Monitoring-as-code (MaC)

Last updated: 31 May 2023
Relates to (tags): Observability, Monitoring, Alerting, SRE

At the Home Office we follow the GDS Service Manual guidance on how to monitor the status of services and set performance metrics.

Teams should follow SRE best practices to manage the reliability of services, by using service level indicators (SLIs), service level objectives (SLOs) and error budgets.


Solution

The Home Office Monitoring-as-Code (MaC) is a monitoring and alerting framework. It’s a Jsonnet Mixin implementation of Service Level Indicators (SLIs), Service Level Objectives (SLOs) and Error Budgets. It uses Prometheus and Grafana, which are open-source monitoring and alerting systems.
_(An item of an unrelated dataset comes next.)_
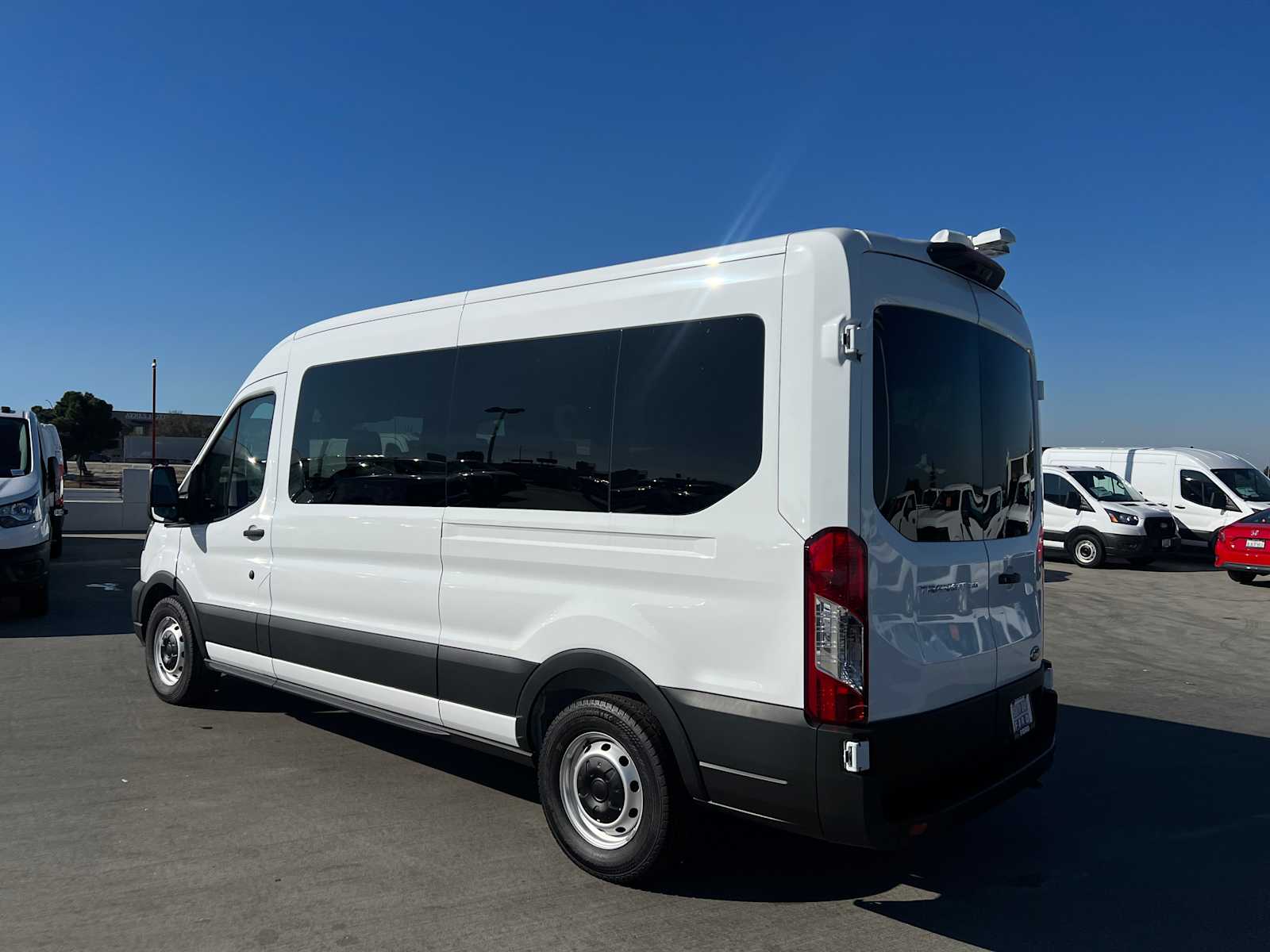 2025 Ford Transit Passenger XL 2025 Ford Transit Passenger XL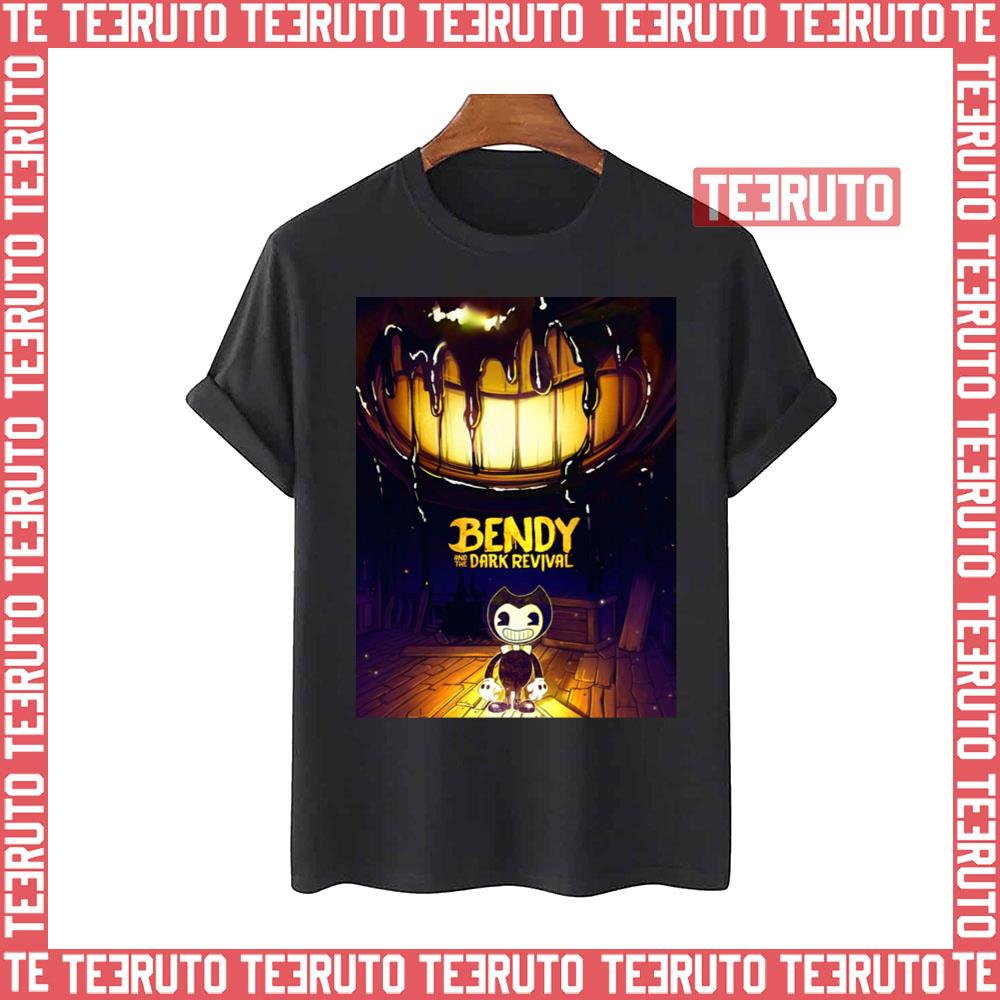 The Dark Revival Bendy Game Unisex T-Shirt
Monitoring-as-code allows platform teams to:

  • create consistent Grafana dashboards and Prometheus rules across the entire service portfolio
  • monitor defined SLOs targets
  • measure service reliability

MaC is an open sourced framework available on Github.

Considerations

If you are only charting CPU and memory usage then you won’t see the full benefits of this framework, it is better suited to teams that have identified SLI(s) and SLO(s) ahead of time. MaC provides some sensible defaults - it is worth looking through the accompanying adopting SRE with Service Level Objectives guidance.